Study of Magnetic Field Resilient High Impedance High-Kinetic Inductance Superconducting Resonators (2503.13321v1)

Abstract: Superconducting resonators with high-kinetic inductance play a central role in hybrid quantum circuits, enabling strong coupling with quantum systems with small electric dipole moment and improved parametric amplification. However, optimizing these resonators simultaneously for high internal quality factors ($Q_i$) and resilience to strong magnetic fields remains challenging. In this study, we systematically compare superconducting resonators fabricated from niobium nitride (NbN) and granular aluminum (grAl) thin films, each having similar kinetic inductance values ($L_k \sim 100$ pH/sq). At zero magnetic field, resonators made from grAl exhibit higher $Q_i$ compared to their NbN counterparts. However, under applied magnetic fields, NbN resonators demonstrate significantly better resilience. Moreover, NbN resonators exhibit an unexpected increase in $Q_i$ at intermediate in-plane magnetic fields ($B_{\parallel} \sim 1$ T), which we attribute to an enhanced frequency detuning that reduce coupling to two-level system defects.

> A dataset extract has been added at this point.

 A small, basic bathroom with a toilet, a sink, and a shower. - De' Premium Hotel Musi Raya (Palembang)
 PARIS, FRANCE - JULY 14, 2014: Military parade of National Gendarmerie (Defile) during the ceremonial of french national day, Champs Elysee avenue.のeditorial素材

In contrast, grAl resonators show a distinct critical field above which $Q_i$ rapidly decreases, strongly depending on resonator cross-section respect to the applied field direction. Characterization of the nonlinear properties at zero magnetic field reveals that the self-Kerr coefficient in grAl resonators is more than an order of magnitude higher than in NbN resonators, making grAl particularly attractive for applications requiring pronounced nonlinear interactions. Our findings illustrate a clear trade-off between the two materials: NbN offers superior magnetic-field resilience beneficial for hybrid circuit quantum electrodynamics applications, while grAl is more advantageous in low-field regimes demanding high impedance and strong nonlinearity.